Let the fudge cool until it reaches lukewarm temperature, which is 110 degrees. The original recipe said this would take 2-2.5 hours. Mine did not. It reached it in about 1 hour. So check your thermometer frequently and don’t rely on set time that it will take to cool. Just like anything, the amount of time it will take depends on a number of factors. Also, the fudge will settle, so reposition your thermometer to make sure it is still IN the fudge. Thankfully, my husband caught that!

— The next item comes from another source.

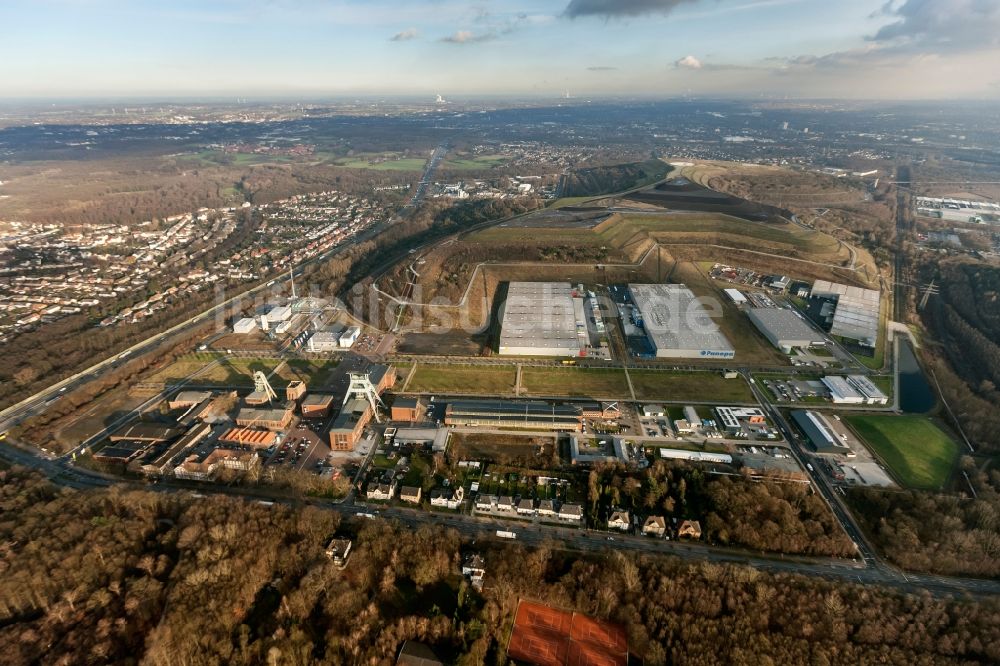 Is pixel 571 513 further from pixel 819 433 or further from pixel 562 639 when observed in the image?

Once it’s reached 110 degrees, take your wooden spoon and stir it. Stir, stir, stir. It will be TOUGH and similar in consistency to taffy, so if you have someone who can help, you stir let them help! I couldn’t stir much at all because of my arms, so Chris did the majority of the stirring for me. Continue stirring until it loses it’s sheen. This is where Chris and I made our mistake. The original recipe said to stir until it loses it’s sheen, about 20 minutes. It started to lose it’s sheen about 10 minutes in, so Chris and I thought it was close, but we continued to stir. We missed the mark by 30 seconds. The second it starts to lose it’s sheen, TRANSFER it to your foil. We waited 30 seconds too long, and it set up right in the pan. Doesn’t make it taste any different, but we didn’t end up with pretty cut squares.
So as soon as it starts to lose its sheen, set it in the pan and let it cool. It won’t be the most pretty fudge, it’s not glossy at all, but it’s crumbly and delicious and melts in your mouth.
See ours is all broken into strange looking pieces, but it tastes just like I remember!